Some hymn meters include the words "with Refrain" (like O Come, O Come, Emmanuel, as presented in Worship).  Some include the words "with Alleluias" (like Jesus Christ Is Ris'n Today and Ye Watchers and Ye Holy Ones).  On occasion, you will also find the word "Irregular".  Irregular meters are those in which no two verses have the same set number of syllables.  Our National Anthem (#142 in the maroon hymnal or #761 in Worship) is one such example.  Christmas carols, well-known ones, have irregular meters: O Come, All Ye Faithful, The First Noel, and Silent Night being the most popular examples.  The first two are actually "Irregular with Refrain".

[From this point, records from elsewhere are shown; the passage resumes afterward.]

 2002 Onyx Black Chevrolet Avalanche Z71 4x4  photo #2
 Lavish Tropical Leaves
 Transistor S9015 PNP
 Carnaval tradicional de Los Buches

One of the most popular reasons for having the poetic meter listed for each hymn is that many tunes are interchangeable.  You could sing Lord, Who throughout these Forty Days to the same tune as Shepherd of Souls, Refresh and Bless, and vice versa, not that I'd want to.  You could sing Alleluia! Sing to Jesus to the same tune as Joyful, Joyful, We Adore Thee.  The "Metrical Index" in the back of both hymnals categorize each tune name by meter, giving the musician options if he/she ever wanted to change the tune to a hymn.  Some hymns, as you may know, appear in the hymnal to more than one tune already (in both hynmals).

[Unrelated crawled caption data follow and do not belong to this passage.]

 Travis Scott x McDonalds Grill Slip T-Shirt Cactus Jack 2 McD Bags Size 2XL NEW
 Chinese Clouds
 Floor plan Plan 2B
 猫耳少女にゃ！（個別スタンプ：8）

Finally, I want to mention one more item of note: the difference in many tune names between our two hymnals.  I'm not talking different tunes, but the same tune, just under different names.  Many tunes, not all, known by their German titles appeared under alternate names (usually in English or in Latin, or maybe the name of a German or Austrian city) in the maroon hymnal.  Remember, that particular hymnal was conceived in 1940 and published in 1943, during World War II.  So, for Praise to the Lord, the Almighty, you'll see the tune listed as Lobe den Herren in the Worship hymnal (#547), and simply Praise to the Lord in the maroon hymnal (#279).  Ye Watchers and Ye Holy Ones is given the tune name Lasst uns Erfreuen (German) in Worship (#707), while the maroon hymnal (#599) uses the name Vigiles et Sancti (Latin) for that same tune.

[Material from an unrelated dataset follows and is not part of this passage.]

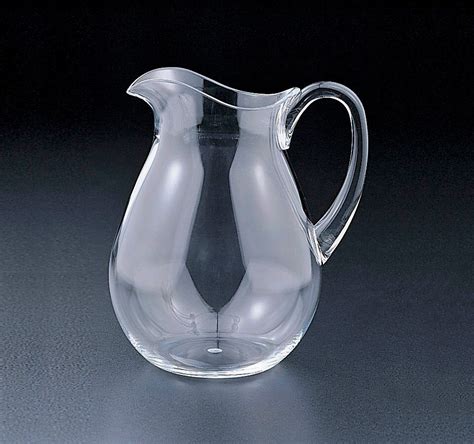 Water Pitcher BLANK Acrylic Drink Pitcher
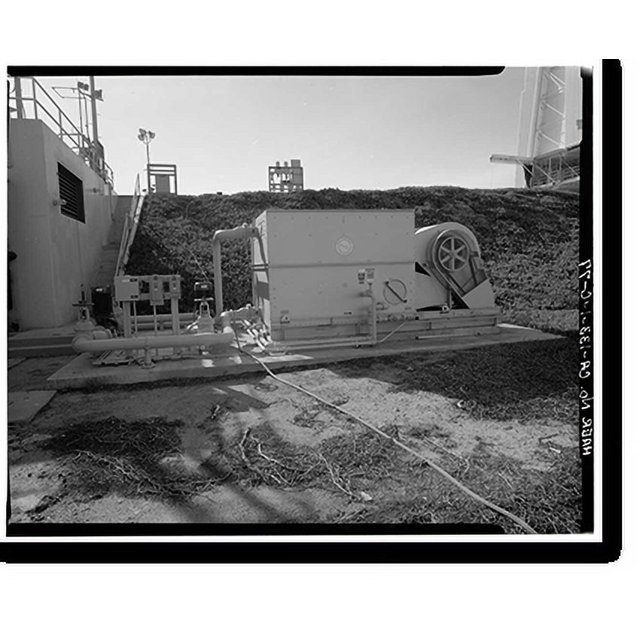 Historic Print, Vandenberg Air Force Base, Space Launch Complex 3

Have I satisfied some curiosities yet? ;)

Quod scripsi, scripsi!

PS: "Quod scripsi, scripsi!" is the Latin for "What I have written, I have written".  In St. John's rendition of Our Lord's Passion and Death, Pilate wrote on the Cross of Christ, "Jesus of Nazareth, King of the Jews" (INRI - "Iesus Nazorenus, Rex Iudeorum", not "In Rhode Island").  Anyways, the chief priests and scribes told Pilate to write instead, "He said 'I am the King of the Jews'".  Pilate's response, "Quod scripsi, scripsi!"  ("What I have written, I have written!")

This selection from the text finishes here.